Ad-hoc radiative damping

If a TAE mode is strongly localized within a toroidicity gap and the peaking of the wavefield such that mode conversion becomes possible where $k^2_{\perp,\mathrm{TAE}} \approx k^2_{\perp,\mathrm{KAW}}$, the amount of power ``radiated away by the kinetic-Alfvén wave'' can be calculated perturbatively directly from the shear-Alfvén wavefield [32,33]. Assuming that all the power is finally absorbed in the vicinity of the conversion region (excluding reflections and fast particle drive on the kinetic Alfvén wave), the so-called radiative damping has been evaluated with the NOVA-K code.
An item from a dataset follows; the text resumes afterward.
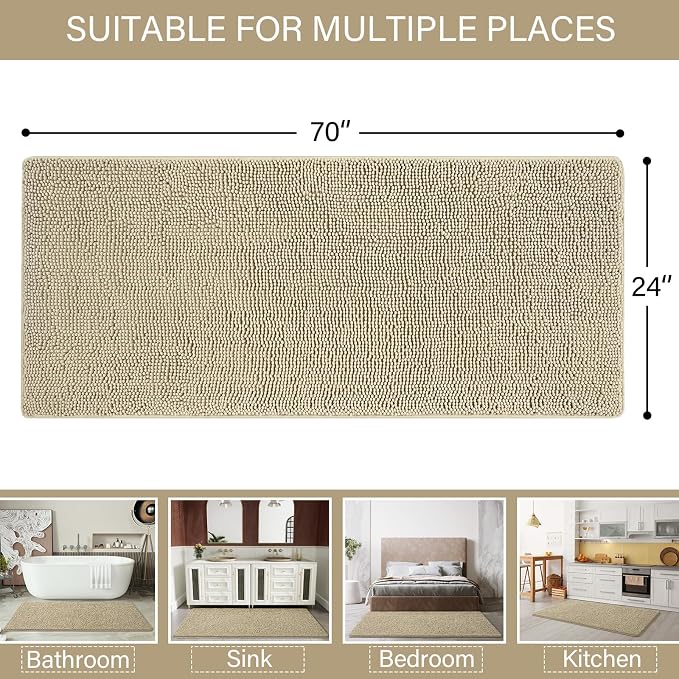 LOCHAS Luxury Bathroom Rug Shaggy Bath Mat 24 x 70 Inch, Washable Non Slip Bath - Image 2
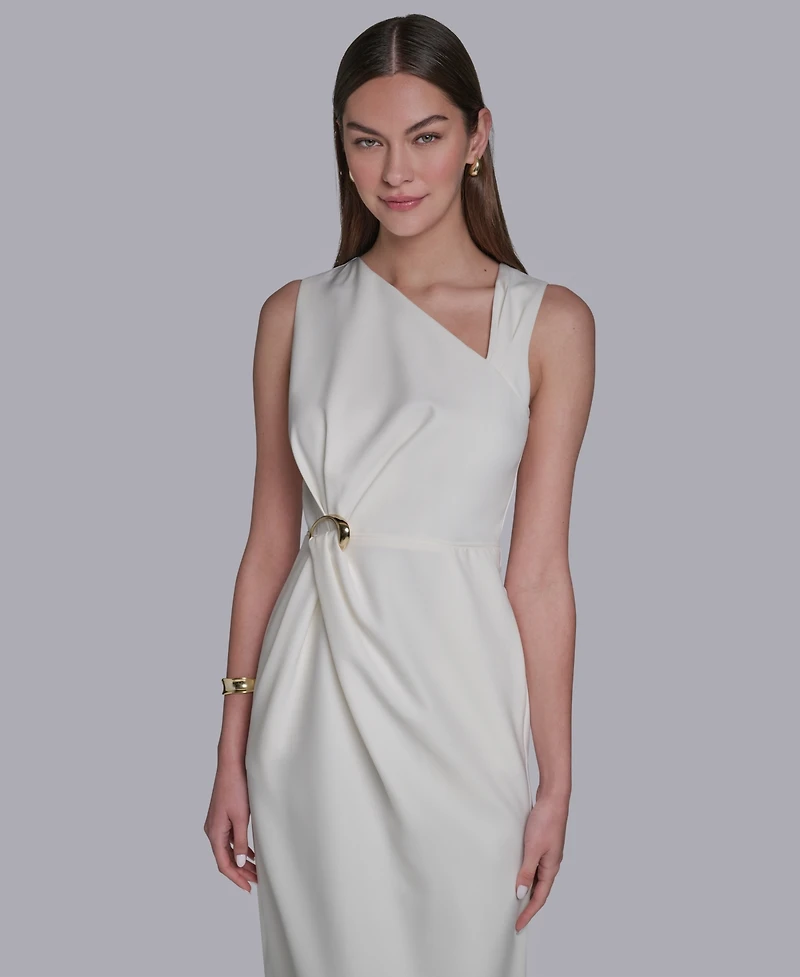 Halston Women's Asymmetrical Neck Midi Dress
Choosing a KAE in JET where the gyrokinetic PENN code a priori predicted that this particular conversion / damping mechanism is dominant (Fig.1 in Ref.[31]), the radiative damping and the electron Landau damping obtained from a self-consistent gyrokinetic description of the global wavefield [35,31] are found to agree within approximatively 20% [31,35]. The problem with an ad-hoc evaluation of radiative damping is that it is not a priori possible to know if other conversion mechanism exist and dominate; choosing another KAE where the PENN code predicts that conversion takes place because of weak magnetic shear in the core, order of magnitude discrepancies appear between the damping from the two codes [35,31]. An ad-hoc radiative damping model is for example unable to reproduce the isotope scaling from Ref.[11], for which good agreement has been achieved between PENN and the measurements from JET.